DATASET CONTENT:
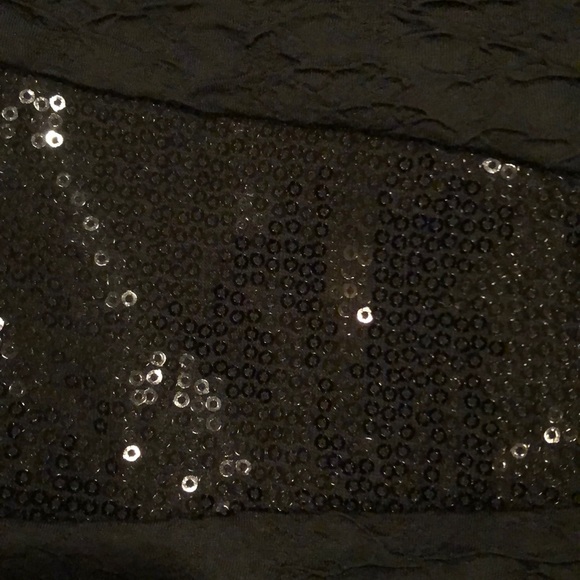 Forever 21 Mini Black Skirt - Picture 3 of 6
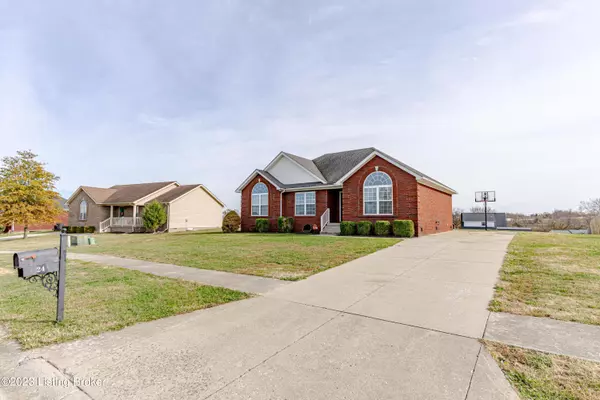 Taylorsville, KY 40071,24 Persimmon Dr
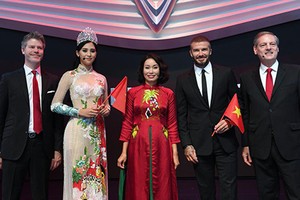 Bà Thuỷ (áo đỏ) tại lễ ra mắt xe VinFast ở triển lãm Paris. Ảnh: VinFast.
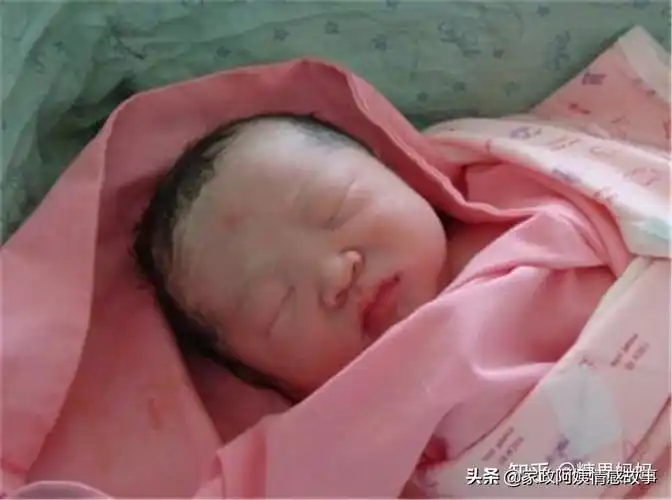 点开照片一看是一个刚出生的宝宝.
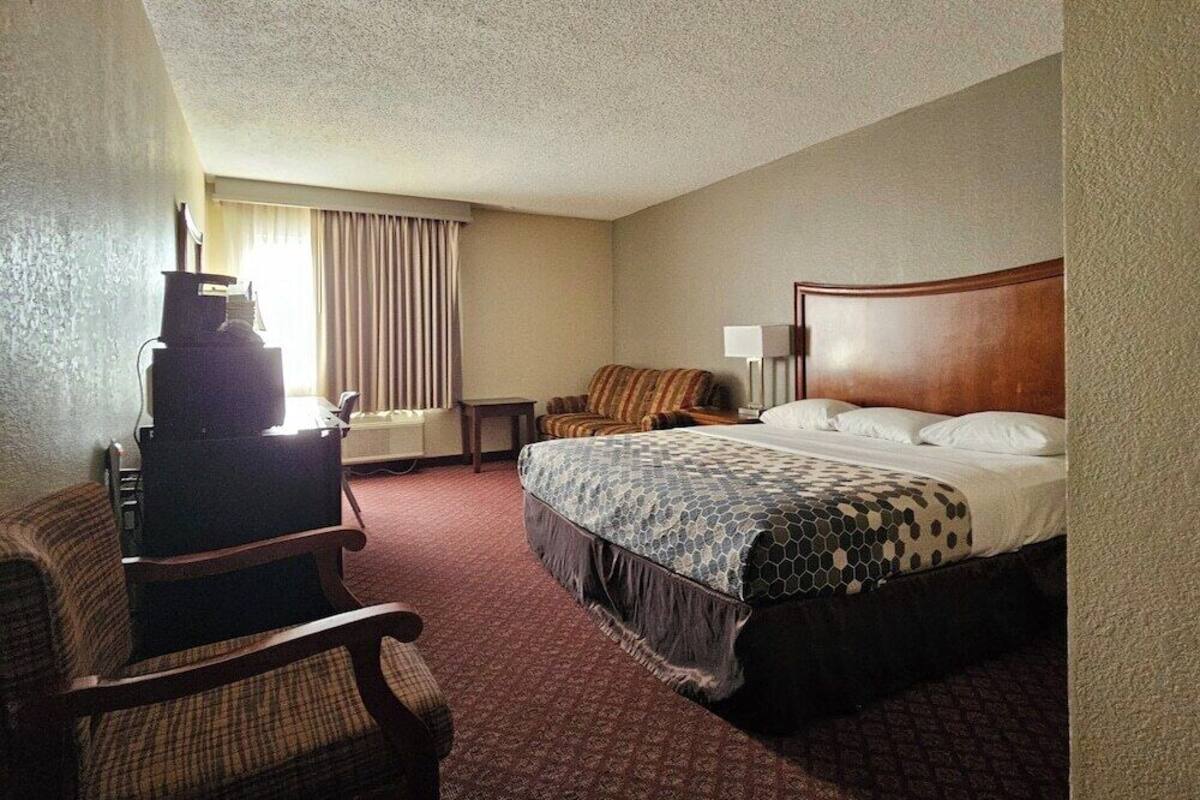 Desk, blackout curtains, iron/ironing board, free WiFi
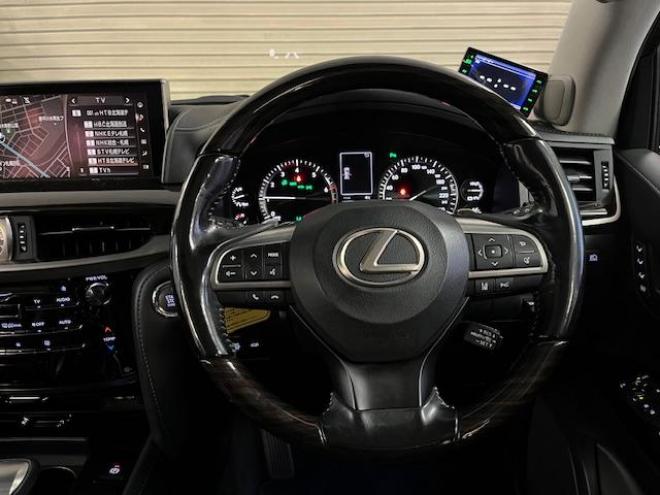 レクサスＬＸ５７０　本州仕入　寒冷地仕様　禁煙車　クリフォードセキュリティ　純正２１インチＡＷ　社外１８ＡＷ＋スタッドレスタイヤ付　純正ブラックレザーシート　ヘッドアップディスプレイ　全方位パノラミックビューモニター 4WD 5700 5Dr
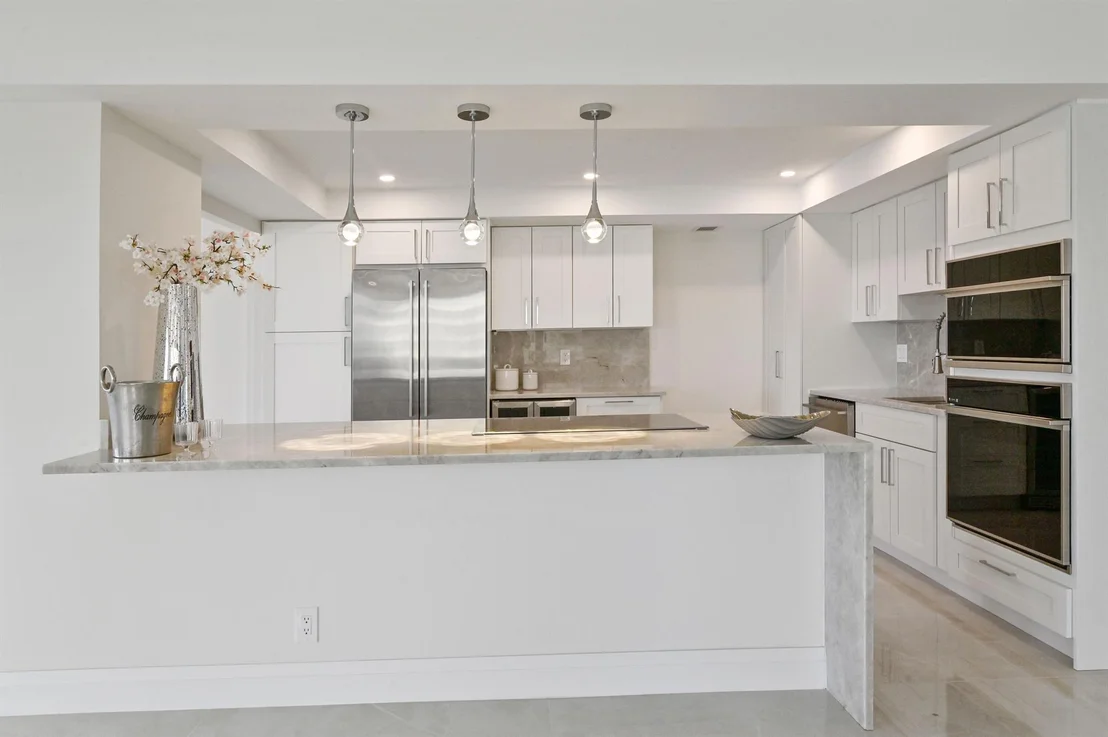Photo of Unit 708 at 600 S Ocean Boulevard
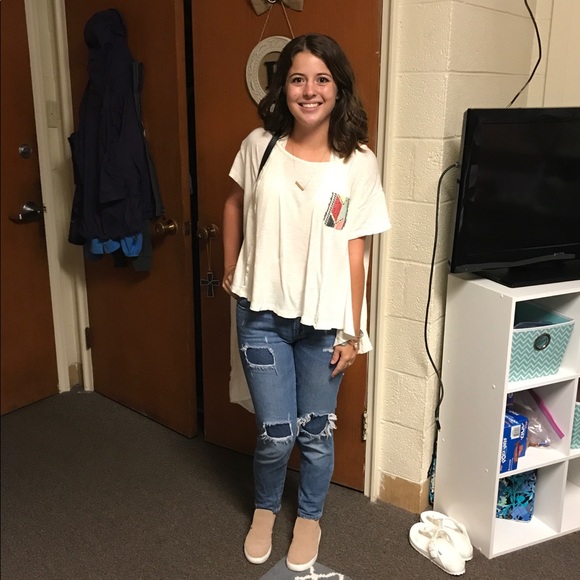 Profile Picture of Heidi Moser (@heidimoser0) on Poshmark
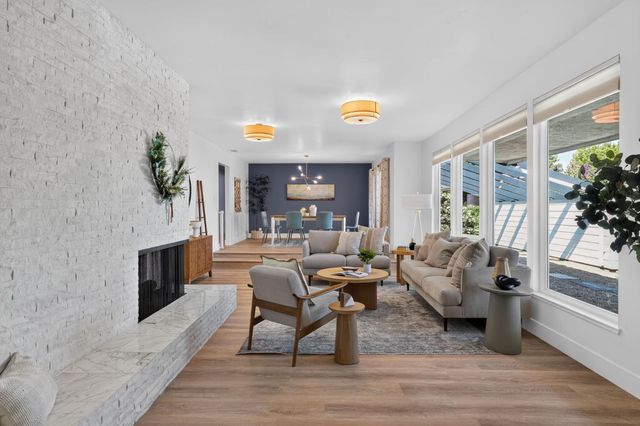 3961 American River Dr, Sacramento, CA 95864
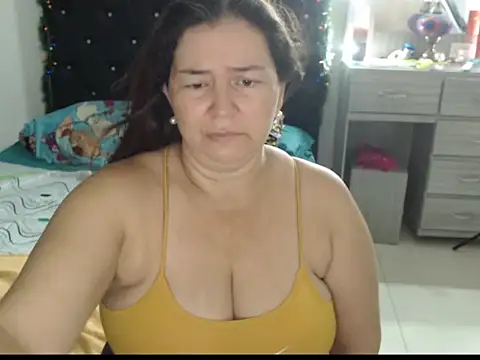 Snapshot of nataboobs chatting on December 15, 9:20 pm nataboobs online show from December 15, 9:20 pm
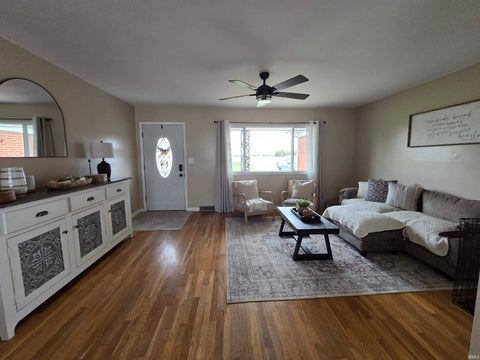 Tiny photo for 4179 E 400 SOUTH, Kokomo, IN 46902 (MLS # 202642928)
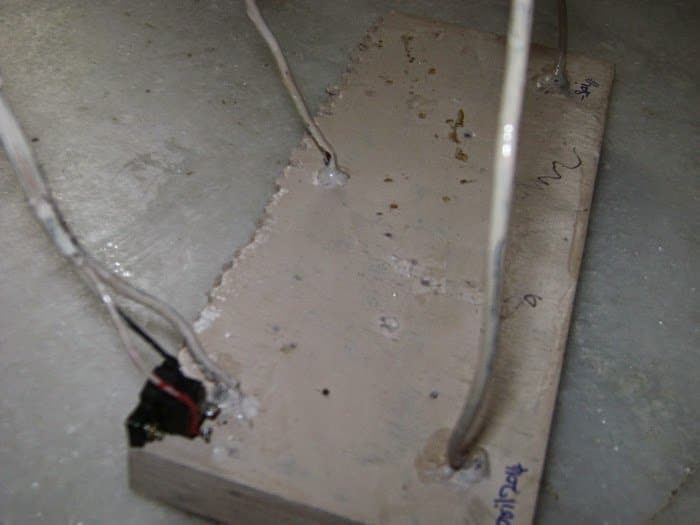 Fazendo uma “terceira mão de ajuda” para ajudar em trabalhos de solda 3 PROCEDIMENTO DE REALIZAÇÃO:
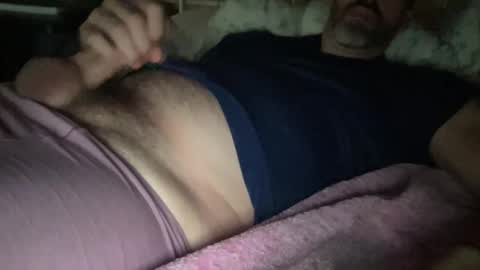 SurfGuy82 online show from November 2025 04:22:01 AM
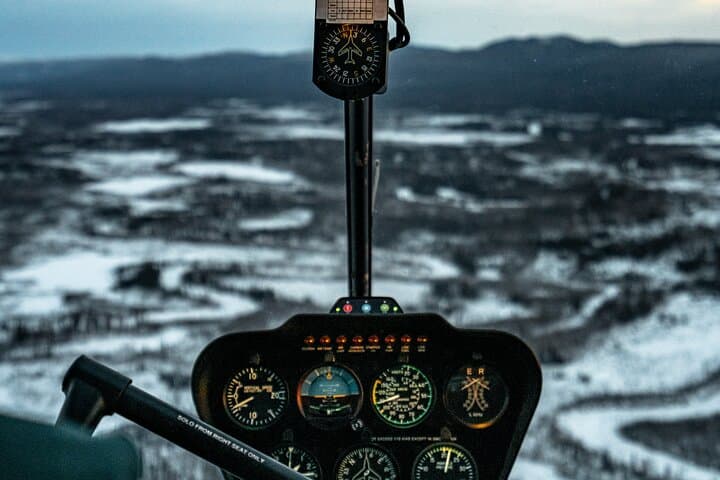 Helicopter Flightseeing Day Trip from Fairbanks to the White Mountains with Lunch photo 4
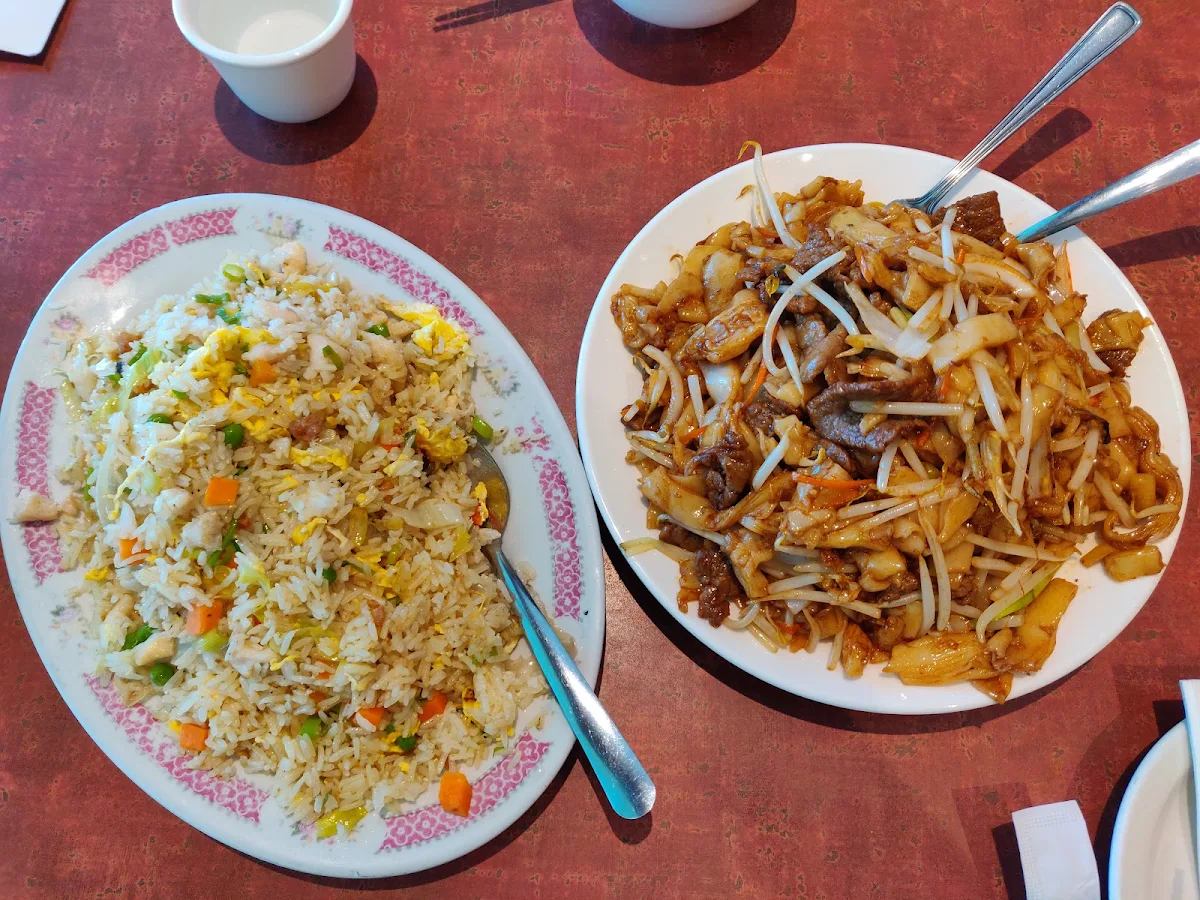干炒牛河 N 楊州炒飯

ABOUT THIS EXERCISE: Your task is to retype the listing exactly, without its pictures.

TASK RESPONSE:
 Forever 21 Mini Black Skirt - Picture 3 of 6
 Taylorsville, KY 40071,24 Persimmon Dr
 Bà Thuỷ (áo đỏ) tại lễ ra mắt xe VinFast ở triển lãm Paris. Ảnh: VinFast.
 点开照片一看是一个刚出生的宝宝.
 Desk, blackout curtains, iron/ironing board, free WiFi
 レクサスＬＸ５７０　本州仕入　寒冷地仕様　禁煙車　クリフォードセキュリティ　純正２１インチＡＷ　社外１８ＡＷ＋スタッドレスタイヤ付　純正ブラックレザーシート　ヘッドアップディスプレイ　全方位パノラミックビューモニター 4WD 5700 5Dr
Photo of Unit 708 at 600 S Ocean Boulevard
 Profile Picture of Heidi Moser (@heidimoser0) on Poshmark
 3961 American River Dr, Sacramento, CA 95864
 Snapshot of nataboobs chatting on December 15, 9:20 pm nataboobs online show from December 15, 9:20 pm
 Tiny photo for 4179 E 400 SOUTH, Kokomo, IN 46902 (MLS # 202642928)
 Fazendo uma “terceira mão de ajuda” para ajudar em trabalhos de solda 3 PROCEDIMENTO DE REALIZAÇÃO:
 SurfGuy82 online show from November 2025 04:22:01 AM
 Helicopter Flightseeing Day Trip from Fairbanks to the White Mountains with Lunch photo 4
干炒牛河 N 楊州炒飯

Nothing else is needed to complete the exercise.